#### [HOW TO COMPLETE THIS TASK]
Retype, word for word, each line between the lines holding "MotoGP Βαρκελώνης: το #TheRematch" and "Nairo Quintana Sigue", inclusive, and leave the rest of the data alone.

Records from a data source
━━━

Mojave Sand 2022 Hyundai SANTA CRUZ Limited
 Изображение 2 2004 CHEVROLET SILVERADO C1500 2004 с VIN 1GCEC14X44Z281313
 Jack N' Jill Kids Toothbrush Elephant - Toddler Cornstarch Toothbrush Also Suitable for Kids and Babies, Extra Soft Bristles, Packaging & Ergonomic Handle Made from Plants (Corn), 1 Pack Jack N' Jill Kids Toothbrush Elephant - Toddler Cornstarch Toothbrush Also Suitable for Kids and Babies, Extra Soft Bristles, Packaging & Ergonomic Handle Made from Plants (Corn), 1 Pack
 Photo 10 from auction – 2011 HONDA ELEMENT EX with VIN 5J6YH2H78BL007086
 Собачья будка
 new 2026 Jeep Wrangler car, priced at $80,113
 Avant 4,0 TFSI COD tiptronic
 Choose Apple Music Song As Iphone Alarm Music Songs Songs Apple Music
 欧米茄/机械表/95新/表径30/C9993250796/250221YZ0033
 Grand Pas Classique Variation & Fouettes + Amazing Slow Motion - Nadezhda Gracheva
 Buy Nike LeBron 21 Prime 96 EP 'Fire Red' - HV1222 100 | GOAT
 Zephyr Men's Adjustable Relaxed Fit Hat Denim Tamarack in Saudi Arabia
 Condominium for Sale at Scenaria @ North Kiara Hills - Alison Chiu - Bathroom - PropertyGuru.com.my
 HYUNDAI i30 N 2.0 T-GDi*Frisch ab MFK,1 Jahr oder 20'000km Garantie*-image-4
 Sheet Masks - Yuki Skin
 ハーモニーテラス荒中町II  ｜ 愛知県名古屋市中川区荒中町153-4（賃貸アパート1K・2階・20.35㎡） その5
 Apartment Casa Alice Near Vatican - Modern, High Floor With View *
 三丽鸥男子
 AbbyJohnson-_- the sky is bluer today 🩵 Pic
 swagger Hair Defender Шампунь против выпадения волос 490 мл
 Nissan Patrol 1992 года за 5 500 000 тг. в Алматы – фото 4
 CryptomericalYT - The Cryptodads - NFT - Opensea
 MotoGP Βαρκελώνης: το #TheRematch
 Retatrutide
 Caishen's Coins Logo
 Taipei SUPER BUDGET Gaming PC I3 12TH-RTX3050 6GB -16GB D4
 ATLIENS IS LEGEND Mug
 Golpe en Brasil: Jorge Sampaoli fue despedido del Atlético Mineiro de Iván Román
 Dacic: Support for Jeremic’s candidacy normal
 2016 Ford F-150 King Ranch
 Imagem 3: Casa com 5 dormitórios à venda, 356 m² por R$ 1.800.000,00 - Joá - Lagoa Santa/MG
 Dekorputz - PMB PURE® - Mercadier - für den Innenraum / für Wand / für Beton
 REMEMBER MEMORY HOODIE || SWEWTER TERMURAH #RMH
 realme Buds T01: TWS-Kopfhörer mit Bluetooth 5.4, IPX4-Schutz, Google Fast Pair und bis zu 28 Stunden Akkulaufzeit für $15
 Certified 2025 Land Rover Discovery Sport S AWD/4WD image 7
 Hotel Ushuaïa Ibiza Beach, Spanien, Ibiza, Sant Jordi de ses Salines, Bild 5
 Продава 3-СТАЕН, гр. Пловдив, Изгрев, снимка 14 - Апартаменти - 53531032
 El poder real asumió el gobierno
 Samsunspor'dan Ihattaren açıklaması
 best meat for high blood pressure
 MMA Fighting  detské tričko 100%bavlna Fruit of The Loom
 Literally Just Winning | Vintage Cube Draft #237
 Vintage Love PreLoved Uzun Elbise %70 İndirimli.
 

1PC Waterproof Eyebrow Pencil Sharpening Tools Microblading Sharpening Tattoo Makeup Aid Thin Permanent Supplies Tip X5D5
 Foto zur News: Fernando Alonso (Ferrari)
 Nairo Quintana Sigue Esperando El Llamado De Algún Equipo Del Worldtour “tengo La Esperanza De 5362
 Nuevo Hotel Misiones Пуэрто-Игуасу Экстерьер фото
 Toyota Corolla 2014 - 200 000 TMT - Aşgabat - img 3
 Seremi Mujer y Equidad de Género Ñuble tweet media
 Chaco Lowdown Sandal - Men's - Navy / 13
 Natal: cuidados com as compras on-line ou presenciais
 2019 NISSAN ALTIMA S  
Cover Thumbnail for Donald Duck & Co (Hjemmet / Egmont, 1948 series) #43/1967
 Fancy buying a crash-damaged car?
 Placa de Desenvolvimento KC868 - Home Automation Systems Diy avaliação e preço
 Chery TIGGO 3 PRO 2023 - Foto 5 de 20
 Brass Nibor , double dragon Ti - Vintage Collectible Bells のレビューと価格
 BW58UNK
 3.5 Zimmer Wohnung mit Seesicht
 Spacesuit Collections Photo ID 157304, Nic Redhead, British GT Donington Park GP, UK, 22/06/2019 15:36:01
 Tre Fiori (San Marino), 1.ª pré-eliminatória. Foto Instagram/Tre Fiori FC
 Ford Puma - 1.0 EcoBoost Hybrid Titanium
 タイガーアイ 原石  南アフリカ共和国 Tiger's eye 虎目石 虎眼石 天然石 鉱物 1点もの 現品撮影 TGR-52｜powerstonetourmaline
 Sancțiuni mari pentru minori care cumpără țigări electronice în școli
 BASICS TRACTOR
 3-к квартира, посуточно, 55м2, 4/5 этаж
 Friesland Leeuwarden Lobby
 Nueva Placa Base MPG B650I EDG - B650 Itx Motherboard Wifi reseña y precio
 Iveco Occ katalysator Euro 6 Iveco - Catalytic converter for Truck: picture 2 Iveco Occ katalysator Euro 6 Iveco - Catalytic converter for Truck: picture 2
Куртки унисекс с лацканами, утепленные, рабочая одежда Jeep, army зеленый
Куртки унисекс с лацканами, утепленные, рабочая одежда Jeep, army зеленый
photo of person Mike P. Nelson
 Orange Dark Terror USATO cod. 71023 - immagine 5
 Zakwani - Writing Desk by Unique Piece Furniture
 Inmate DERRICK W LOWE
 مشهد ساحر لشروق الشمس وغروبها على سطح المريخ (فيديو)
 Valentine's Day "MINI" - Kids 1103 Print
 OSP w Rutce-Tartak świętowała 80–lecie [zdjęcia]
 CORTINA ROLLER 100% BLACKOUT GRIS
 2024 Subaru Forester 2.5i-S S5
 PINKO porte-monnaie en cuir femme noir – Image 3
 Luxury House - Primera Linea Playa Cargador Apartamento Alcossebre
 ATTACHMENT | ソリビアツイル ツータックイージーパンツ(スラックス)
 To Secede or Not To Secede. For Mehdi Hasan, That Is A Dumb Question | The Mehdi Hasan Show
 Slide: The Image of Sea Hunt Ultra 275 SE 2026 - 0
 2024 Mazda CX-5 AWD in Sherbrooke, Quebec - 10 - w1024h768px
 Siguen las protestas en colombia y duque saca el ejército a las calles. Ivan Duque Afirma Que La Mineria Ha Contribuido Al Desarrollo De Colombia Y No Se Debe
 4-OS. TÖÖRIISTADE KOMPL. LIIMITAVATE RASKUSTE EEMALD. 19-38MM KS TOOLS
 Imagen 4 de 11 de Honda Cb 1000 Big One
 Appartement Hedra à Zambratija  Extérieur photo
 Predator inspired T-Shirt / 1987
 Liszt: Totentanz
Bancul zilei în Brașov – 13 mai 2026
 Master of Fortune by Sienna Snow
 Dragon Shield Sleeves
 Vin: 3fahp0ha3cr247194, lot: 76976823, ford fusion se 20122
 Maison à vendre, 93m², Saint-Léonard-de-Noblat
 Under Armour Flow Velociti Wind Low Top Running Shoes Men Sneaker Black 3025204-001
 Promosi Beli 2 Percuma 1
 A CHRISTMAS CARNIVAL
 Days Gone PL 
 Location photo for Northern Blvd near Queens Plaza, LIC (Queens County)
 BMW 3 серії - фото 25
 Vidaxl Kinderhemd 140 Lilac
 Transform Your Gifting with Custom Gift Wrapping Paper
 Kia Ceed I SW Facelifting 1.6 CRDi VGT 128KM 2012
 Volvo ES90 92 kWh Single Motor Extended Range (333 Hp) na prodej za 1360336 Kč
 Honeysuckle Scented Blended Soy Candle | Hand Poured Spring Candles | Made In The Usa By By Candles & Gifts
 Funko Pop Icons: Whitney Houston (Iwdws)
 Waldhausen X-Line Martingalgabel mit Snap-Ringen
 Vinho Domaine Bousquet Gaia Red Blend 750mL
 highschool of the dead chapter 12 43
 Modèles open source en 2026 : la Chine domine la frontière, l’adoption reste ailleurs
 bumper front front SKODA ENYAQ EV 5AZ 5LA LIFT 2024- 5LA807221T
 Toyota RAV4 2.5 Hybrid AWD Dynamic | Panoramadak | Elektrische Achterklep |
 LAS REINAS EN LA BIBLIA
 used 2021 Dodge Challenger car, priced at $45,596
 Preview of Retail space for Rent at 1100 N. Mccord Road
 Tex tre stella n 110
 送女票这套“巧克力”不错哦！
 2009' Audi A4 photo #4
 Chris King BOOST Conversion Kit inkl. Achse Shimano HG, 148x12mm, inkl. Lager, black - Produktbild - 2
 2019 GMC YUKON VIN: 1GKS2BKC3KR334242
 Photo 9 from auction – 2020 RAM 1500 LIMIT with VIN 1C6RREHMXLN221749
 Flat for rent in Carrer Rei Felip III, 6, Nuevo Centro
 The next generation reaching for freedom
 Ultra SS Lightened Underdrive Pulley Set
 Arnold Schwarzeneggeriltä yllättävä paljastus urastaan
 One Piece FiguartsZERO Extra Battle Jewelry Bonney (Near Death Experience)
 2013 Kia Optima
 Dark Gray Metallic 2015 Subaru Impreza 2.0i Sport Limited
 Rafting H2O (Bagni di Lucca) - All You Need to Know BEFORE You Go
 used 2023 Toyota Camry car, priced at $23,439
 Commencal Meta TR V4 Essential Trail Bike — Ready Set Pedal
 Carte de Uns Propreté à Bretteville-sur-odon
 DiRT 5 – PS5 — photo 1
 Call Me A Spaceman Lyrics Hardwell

━━━

#### [REPLY]
 MotoGP Βαρκελώνης: το #TheRematch
 Retatrutide
 Caishen's Coins Logo
 Taipei SUPER BUDGET Gaming PC I3 12TH-RTX3050 6GB -16GB D4
 ATLIENS IS LEGEND Mug
 Golpe en Brasil: Jorge Sampaoli fue despedido del Atlético Mineiro de Iván Román
 Dacic: Support for Jeremic’s candidacy normal
 2016 Ford F-150 King Ranch
 Imagem 3: Casa com 5 dormitórios à venda, 356 m² por R$ 1.800.000,00 - Joá - Lagoa Santa/MG
 Dekorputz - PMB PURE® - Mercadier - für den Innenraum / für Wand / für Beton
 REMEMBER MEMORY HOODIE || SWEWTER TERMURAH #RMH
 realme Buds T01: TWS-Kopfhörer mit Bluetooth 5.4, IPX4-Schutz, Google Fast Pair und bis zu 28 Stunden Akkulaufzeit für $15
 Certified 2025 Land Rover Discovery Sport S AWD/4WD image 7
 Hotel Ushuaïa Ibiza Beach, Spanien, Ibiza, Sant Jordi de ses Salines, Bild 5
 Продава 3-СТАЕН, гр. Пловдив, Изгрев, снимка 14 - Апартаменти - 53531032
 El poder real asumió el gobierno
 Samsunspor'dan Ihattaren açıklaması
 best meat for high blood pressure
 MMA Fighting  detské tričko 100%bavlna Fruit of The Loom
 Literally Just Winning | Vintage Cube Draft #237
 Vintage Love PreLoved Uzun Elbise %70 İndirimli.
 

1PC Waterproof Eyebrow Pencil Sharpening Tools Microblading Sharpening Tattoo Makeup Aid Thin Permanent Supplies Tip X5D5
 Foto zur News: Fernando Alonso (Ferrari)
 Nairo Quintana Sigue Esperando El Llamado De Algún Equipo Del Worldtour “tengo La Esperanza De 5362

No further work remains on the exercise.